A mulher, de momento está a salvo, e com ela a esperança do
mundo. Essa mulher é Maria, já assunta no céu. Essa mulher é o
povo eleito, já redimido. Essa mulher é Israel, é a Igreja peregrina no
mundo. Essa mulher é a humanidade, pois ainda há sonhadores,
poetas e profetas, voluntários e comprometidos na causa da justiça,
que vivem pela liberdade, pela igualdade e pela fraternidade entre
todos. Maria é a Mãe de todas as batalhas. Nos perigos é vencedora,
sobre o pecado e sobre a morte.
O festival de folclore que nos reúne nesta assembleia ecuménica e
internacional, onde se celebra a Eucaristia para os católicos, é a
prova que no meio de tantas diferenças nos podemos entender.
Melhor do que na guerra, pois os países aqui presentes são
praticamente os mesmos.
O que nos move é o prazer da gratuidade, da beleza e da alegria, que
é comum a todos os grupos e a cada participante, mas que se diz e
manifesta de um modo diferente em todos eles, seja pela dança, pela
música e pela letra. Essa diferença não é porém motivo de desagrado
ou desunião, mas pelo contrário, é razão de admiração e de respeito.

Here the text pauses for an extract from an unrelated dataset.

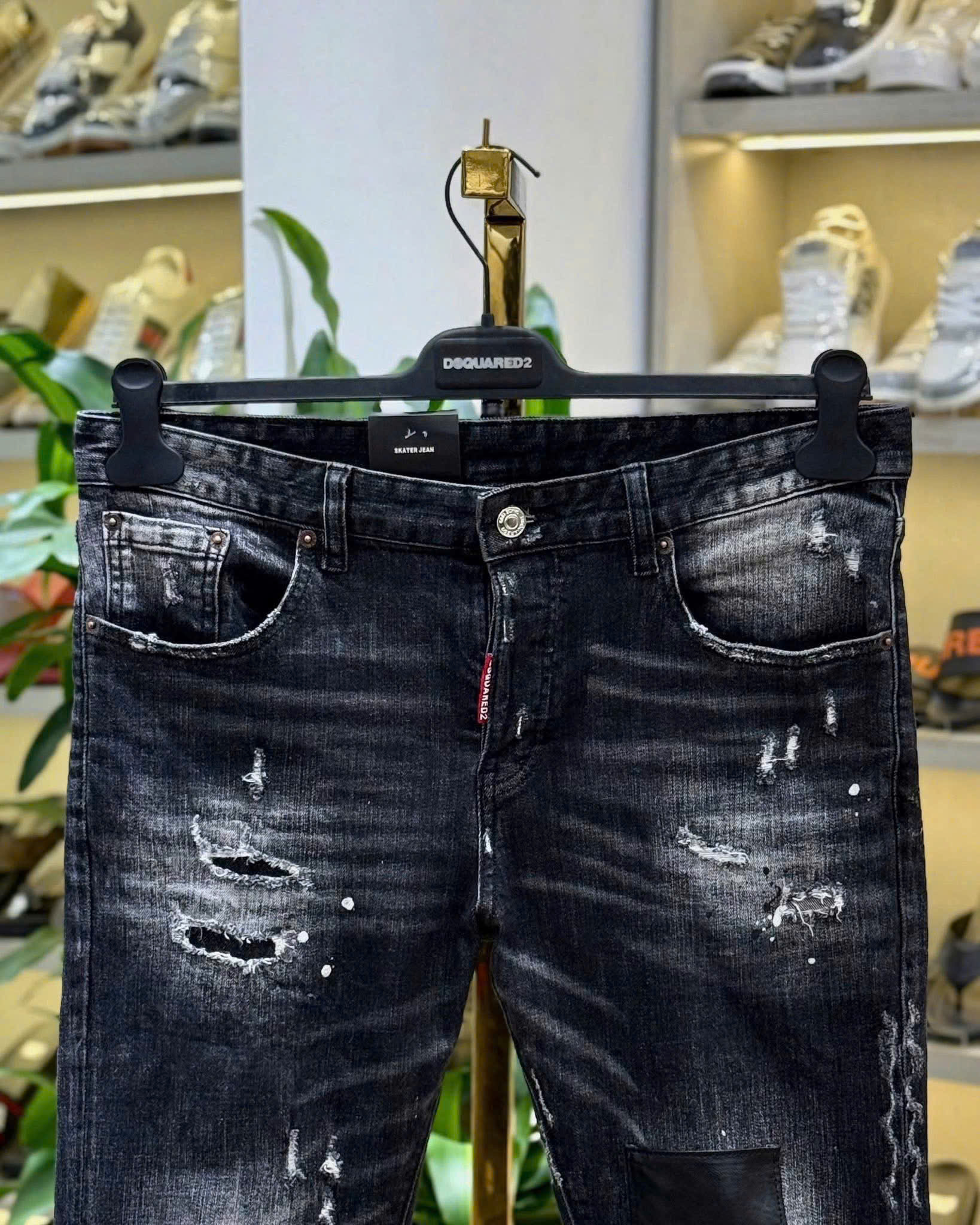 Quần jean Dsquared2 DSQ2 Đen rách mài vá loang Trắng Like Auth NV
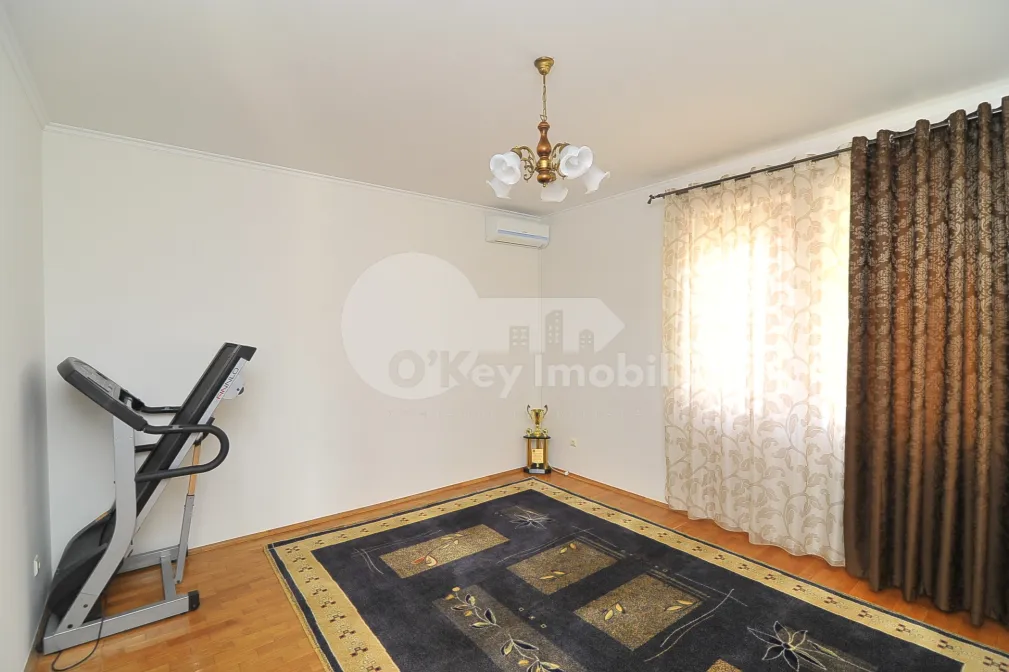 Casă - str-la Mihai Eminescu - Botanica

Que lição nos dão para o resto da nossa vida colectiva numa
sociedade global.
Diz o evangelho de hoje que Maria pôs-se a caminho e dirigiu-se
apressadamente à montanha para ajudar Isabel. Neste contexto é
saudada por Isabel. Então Maria canta o magnífico poema que o
evangelho apresenta na íntegra. Este será o tema das próximas
jornadas mundiais da Juventude, em Lisboa, de 1 a 6 de Agosto de
2023, para as quais os jovens de Portugal e de todos os países aqui
presentes estão convidados a participar. A partir do verbo e da acção
de se levantar de Maria, o papa Francisco dirigiu uma rica
mensagem a todos os jovens, que convido a lerem na página Web na
sua própria língua.
Perguntemo-nos então: Temos esperança? Vivemos com gosto de
aspirar e subir ao céu algum dia? Já começamos a subir? Que me diz
a assunção da Maria? Não me alegra, não me anima e estimula a
continuar a trabalhar pelo reino de Deus que já está aqui, onde são
enaltecidos e é reconhecida a dignidade dos humilhados, dos
menosprezados, dos que não contam, nem são tidos em conta pelo
sistema deste mundo?
Sobre os que já nos deixaram, e passaram pela morte como Jesus,
Maria e José, rezemos a oração da igreja pelos defuntos: «Para quem
acredita em Vós Senhor Jesus a vida não acaba, apenas se
transforma e desfeita a morada deste exílio terrestre uma habitação
eterna adquirimos no Céu». Assim cremos, assim o queremos.